Strangers in a Strange Land

“You shall not oppress a stranger, for you know the heart of a stranger: You were strangers in the land of Egypt” (Exodus 23:9).

The Passover service reminds Jews that once we were slaves in Egypt. We also remember that not so long ago, millions of us were herded into concentration camps to be tortured, worked, or poisoned to death. These memories should encourage us to feel empathy for the people who are currently suffering under cruel regimes.

Most Americans are now aware that the Trump administration is a consistently cruel regime. Some of the meanest people Trump could find are running our government. Times are hard, and about to get harder, for anybody with little money. For immigrants, life has become not just hard but terrifying. Not much prevents ICE from disappearing any of them into some hellhole in El Salvador for no reason at all.

Jews left Egypt because Pharaoh had made life unbearable for us. But after our miraculous escape into the desert, some missed their old homes, especially the pomegranates and figs. We were free, but the migrant life brought us a new set of troubles. Few people leave home if they don’t have to. We love the landscapes, people, and communities where we grew up. If we can stay home and make a living in peace, that’s what most of us prefer to do. But if staying home means that our families are subject to violence, extreme poverty, or other forms of oppression, sometimes we have to leave.

According to the Economic Policy Institute, there were around 48 million immigrants in the USA in 2022. Some came because their relatives were here and could find jobs for them, or to study at our great universities. However, many of them were fleeing terrible conditions in their home countries. They had to leave. They crossed deserts, rivers, and mountain ranges to get to this country, where they hoped to be able to live in peace.

Immigrants look for work in sectors where there are labor gaps, in agriculture, health care, or construction. They include doctors and software engineers as well as farm workers and care providers. Together, they generated $4.6 trillion in economic output in 2022. Often they pay taxes without gaining the benefits citizens expect from the government. Without their youth and vigor, our country would not be able to support our aging population as it retires. We owe them a lot.

In addition to what US citizens gain in needed labor and new business ventures, we get a range of wonderful new food and music to enrich our lives. Anybody who visits a major city in the US can find and enjoy nearly every culture in the world. This has always been part of why most of us love this country: everybody is here. People from Iran and Iraq, China and Japan, Russia and Ukraine, manage to live together in America. Within a generation, they are as American as it gets.

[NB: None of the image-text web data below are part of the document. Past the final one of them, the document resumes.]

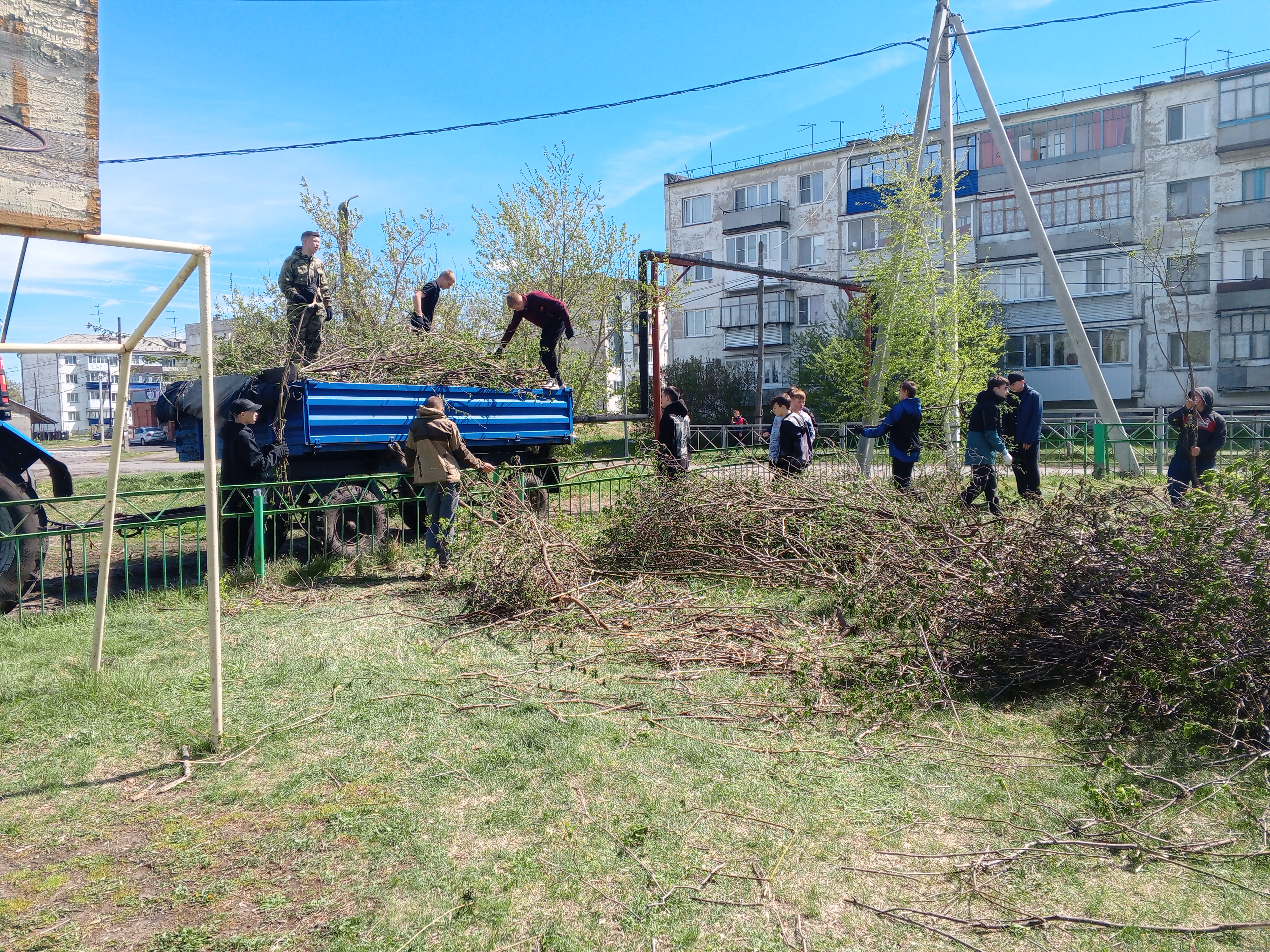 «Вместе за чистый школьный двор!».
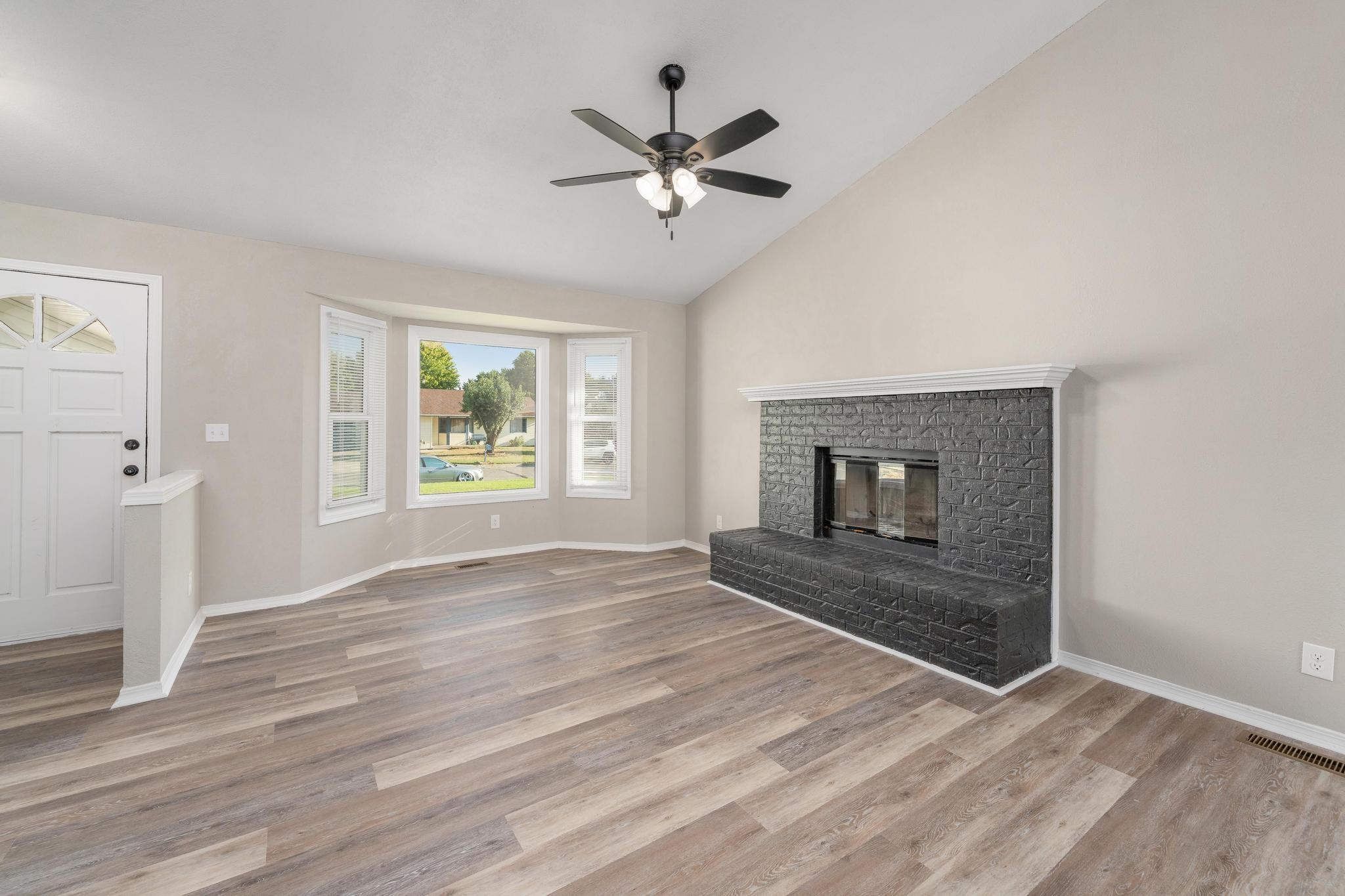 523 W Maywood St Property Photo 4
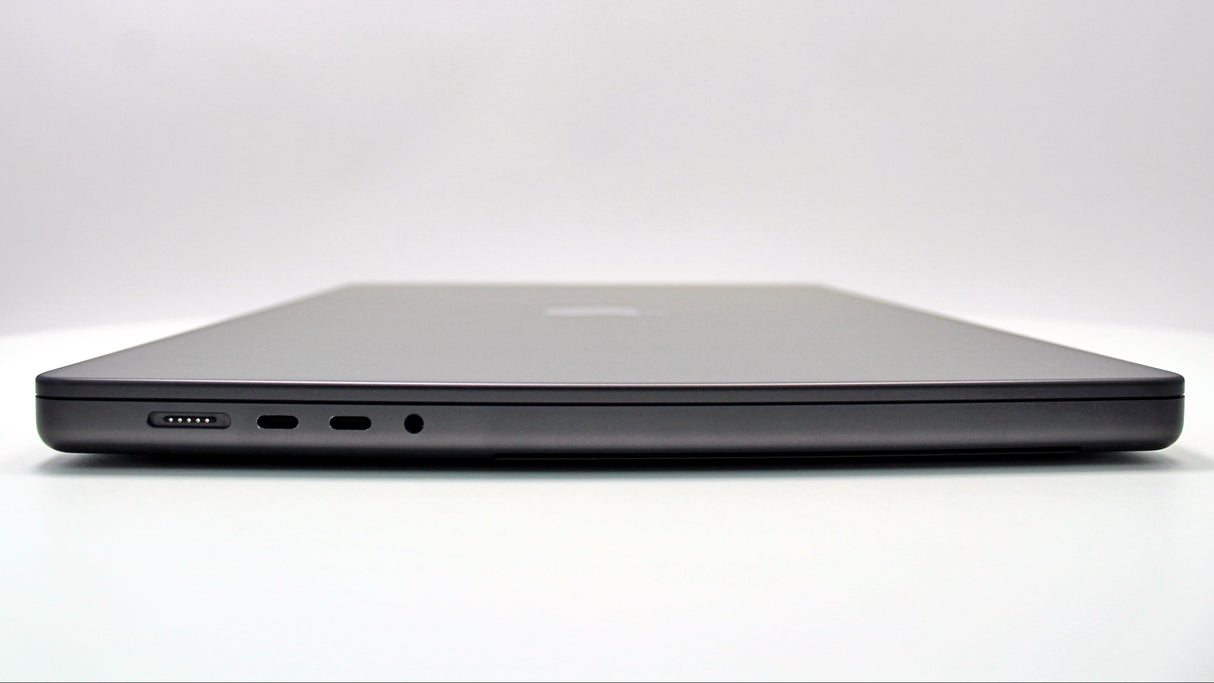 2023 Apple MacBook Pro 16-inch - M3 Max 40-Core GPU 128GB RAM 8TB SSD | Like New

Yet instead of welcoming these people who went through so much to get to our country, our government treats them like criminals. Democratic presidents have not done much better than Republicans in this regard. It’s easy to blame immigrants for situations that are clearly not their fault – like the American appetite for opioids, which has fed the growth of violent gangs worldwide. No American government wants to admit that our country’s cynical support for South and Central American dictators nurtured the drug trade and devastated the lives of their citizens. Yet we bear heavy responsibility for the brutal conditions that have made so many flee their homes.

The worst irony for many Jews this Passover is that another cruel regime causing tremendous suffering is the state of Israel. Jews who realize how badly Israel has treated Palestinians since the state was founded are struck with deep shame and horror. Most pro-Palestinian demonstrations include a strong showing of supportive Jews. We remember when we were the victims of cruel regimes. Now we must do whatever we can to stop the cruelty, even if the perpetrators of oppression and violence claim they’re doing it for our sake.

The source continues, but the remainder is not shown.